Disput im deutschen Theater

Giuseppe Verdis Oper wurde 1871 in Kairo uraufgeführt. Sie handelt von einer Liebesgeschichte und Eifersucht während einer kriegerischen Auseinandersetzung zwischen Ägypten und Äthiopien zur Zeit der Pharaonen, also Jahrtausende vor Christus. Durch den russischen Angriffskrieg auf die Ukraine war die Inszenierung zu einer aktuellen Herausforderung geworden. „Ich mache kein Pyramiden-Theater. Aida wird meistens traditionell inszeniert, so wie zuletzt auch von Katharina Thalbach an der Semperoper. Das kam für mich nicht in Frage“, erklärte Regisseurin Adriana Altaras im Interview mit dem „Vier Viertel Kult“, dem Quartalsmagazin der Stiftung Braunschweigischer Kulturbesitz.
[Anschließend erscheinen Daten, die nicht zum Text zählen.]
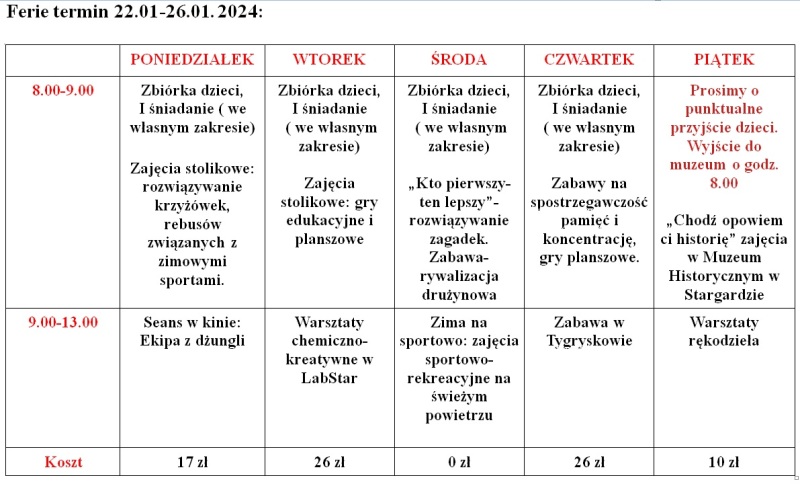 ferie zimowe str2 pop 2024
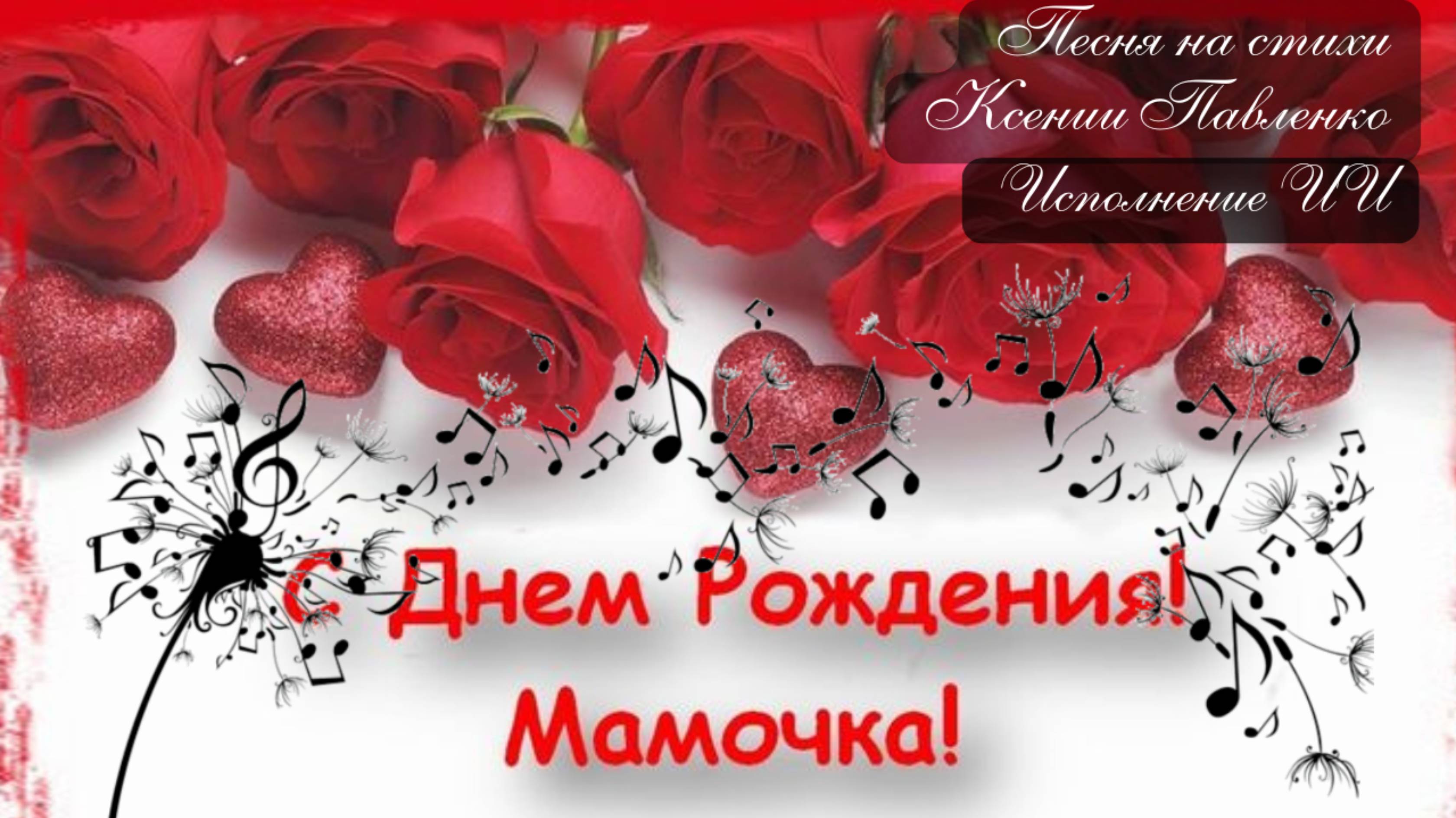 "Мама милая, нежная самая. " песня на стихи Ксении Павленко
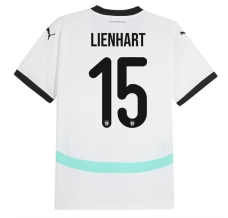 Maillot de Foot Euro 2024 Autriche Lienhart 15 Tenue Extérieur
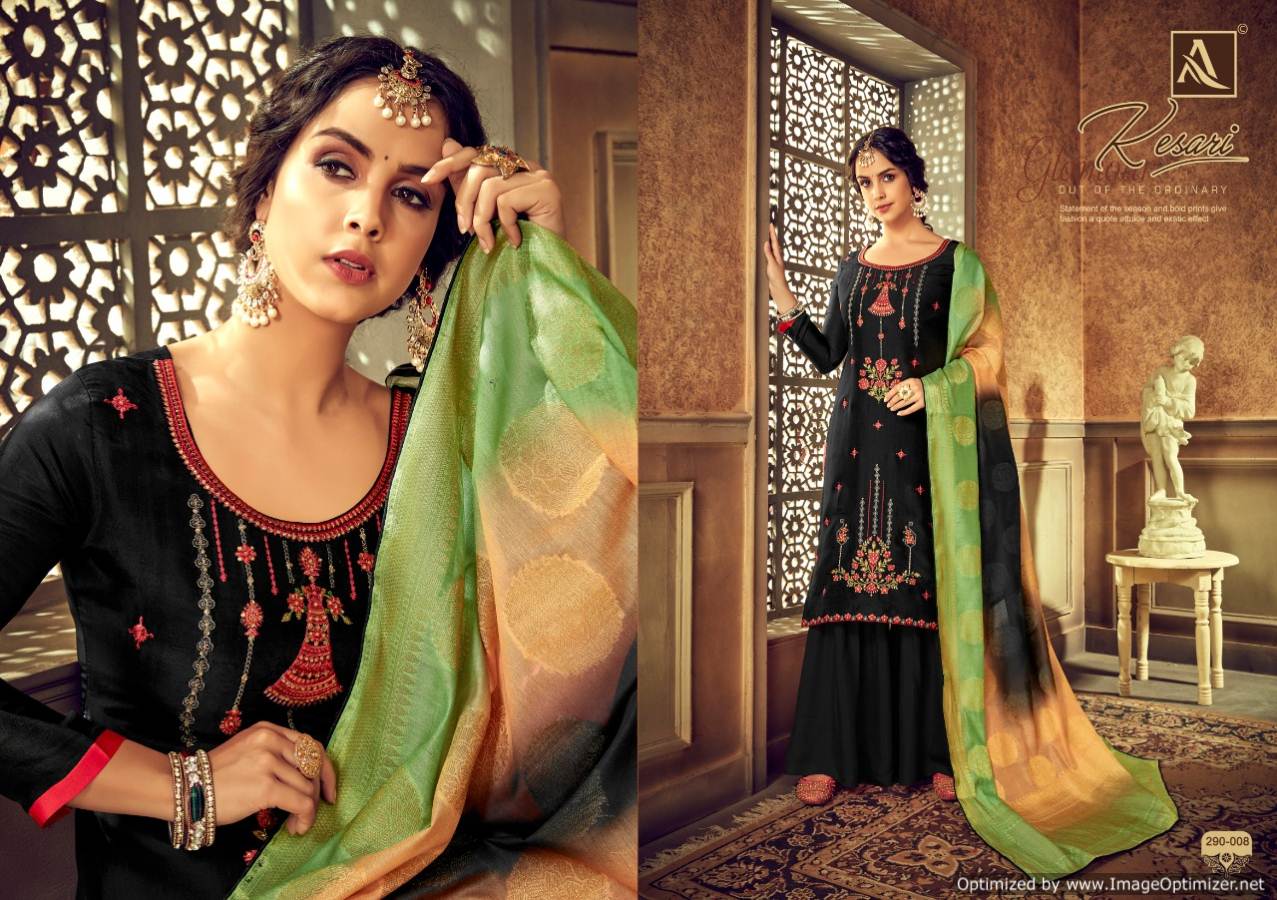 Kesari Present Alok Pure Viscose Upada Designer Dress Material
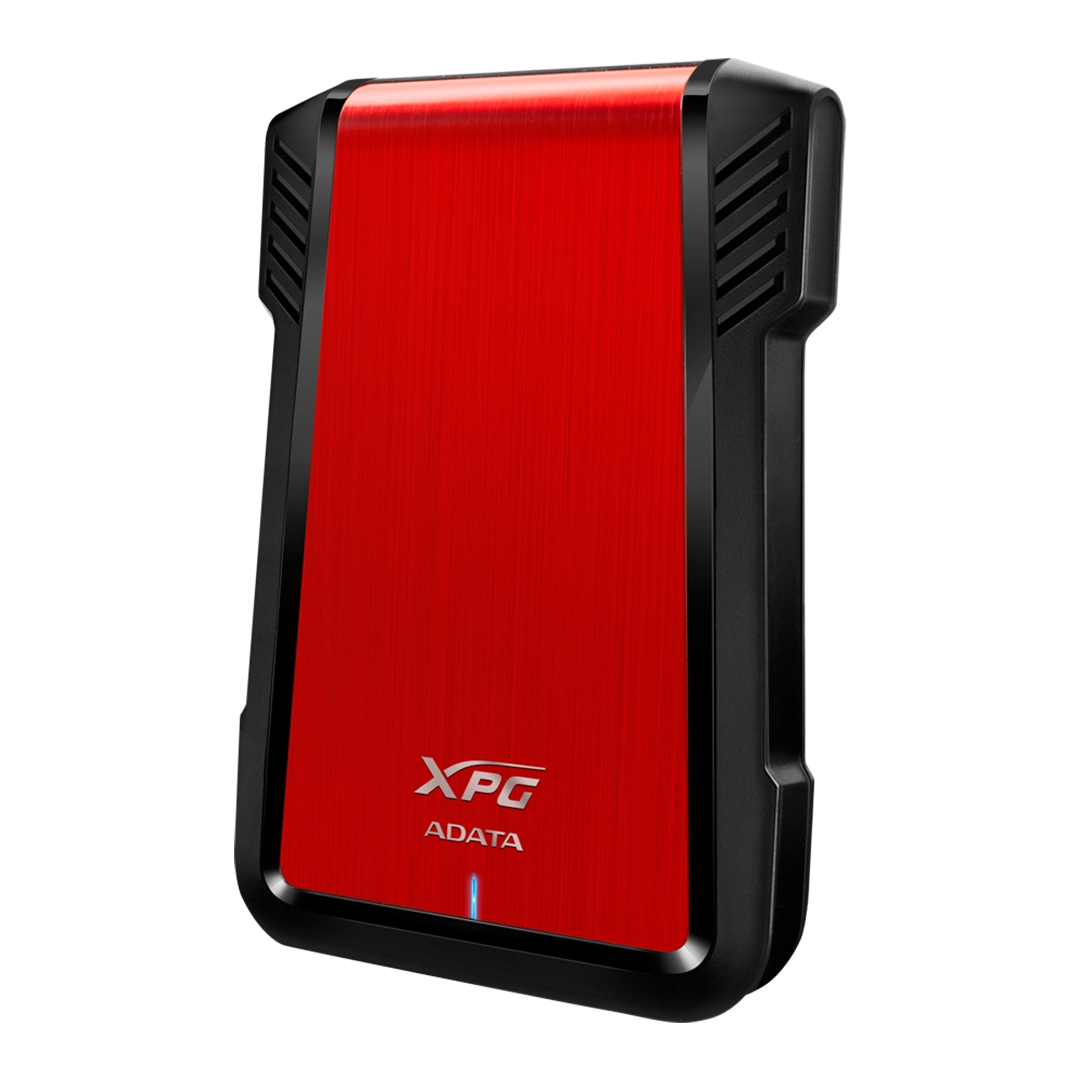 Gabinete Case Disco Duro Sata Adata Ex500 Alta Velocidad 6gb/s Rojo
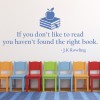 Found The Right Book JK Rowling Quote English Classroom Wall Sticker
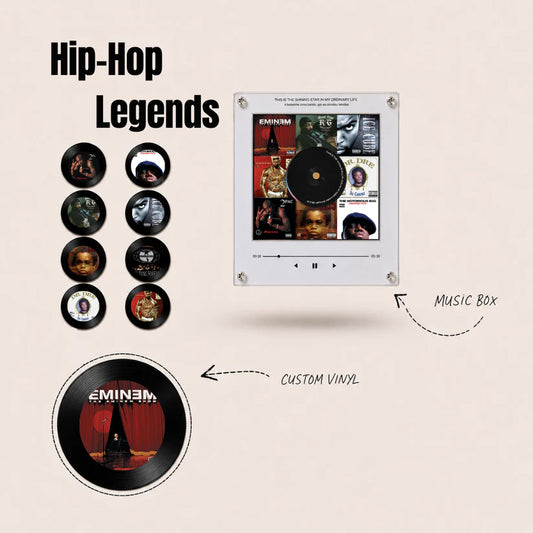 MEWEN™-The Magnetic Vinyl Music Box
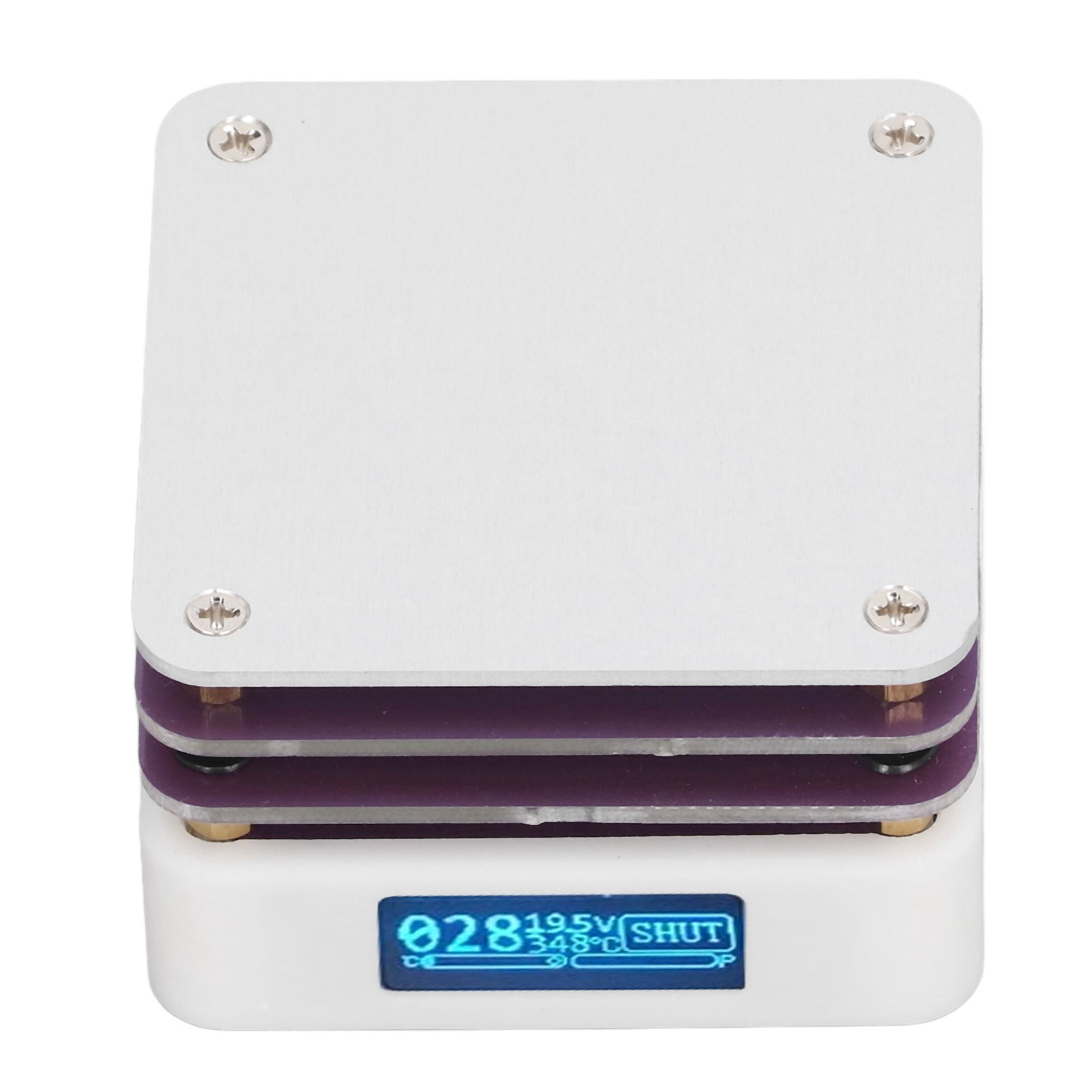 （有视频）PD65W 20V迷你智能恒温加热台 电子焊接预热板返修台 PCB SMD焊接专业加热工具 OLED显示屏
Zum Disput zwischen diesem im deutschen Theater um sich greifenden Ansatz und den klassischen Aufführungen hatte sich kürzlich auch Entertainer Harald Schmidt geäußert. „Wenn ich ins Theater gehe, möchte ich möglichst virtuose Schauspieler und ein Stück sehen. Mich interessieren keine Projekte und auch nicht die politische Befindlichkeit eines Ensembles“, sagte er gegenüber der Berliner Zeitung. Die Bühnen könnten sich damit kein neues Publikum erschließen, sondern das alte bliebe bloß weg, meint Schmidt, der selbst an mehreren Theatern Gastspiele gab.

Beleidigung für die Augen

Auf die von Erika und Richard Borek nach der Premiere öffentlich geäußerte Kritik erhielten beide für ihre Stellungnahme Anerkennung. „Ihren Ausführungen kann ich mich nur anschließen. Auch ich habe mich hauptsächlich über meine Ohren auf die beeindruckende Musik und die wunderschönen Stimmen konzentriert“, schrieb Jürgen Schmerbach. Drillich-Kleidung, Hakenkreuze, Feldmarschall-Uniformen und Kindersoldaten, die kämpfen und sterben beleidigten das Auge, kritisiert er.

„Man hat das Werk verhunzt“, wird Horst-Henning Albrecht deutlich. Musik, Dirigat, sängerische Leistung und Darstellungskunst lobt er sehr, aber die Deutung des Werks sei „total daneben“. Die von Verdi vorgegebene Handlung sollte nicht verändert und schon gar nicht falsch gezeigt werden, schreibt er. „Im Original bleibt Amneris leben, hier steigt sie in ein Grab und ersticht sich. Was soll das?“, fragt er sich.

Prinzessin in Generalsuniform?

Es gebe viele kritikwürdige Stellen, führt Horst-Henning Albrecht aus, so zum Beispiel das Bühnenbild mit einer alten, kaputten Waschmaschine oder auch die Kostüme. Amneris sei eine Königstochter, eine Prinzessin, warum also trete sie im ersten Akt in Generalsuniform auf? „Einfach schrecklich“, fand er den Auftritt der Kinder mit Holzgewehren, die, während gesungen wird, über längere Zeit Tote spielen mussten. Und gar nicht gingen eben Judenstern und Hakenkreuz. „Das ist dem Werk und der Handlung nicht dienlich“, stellt er final fest.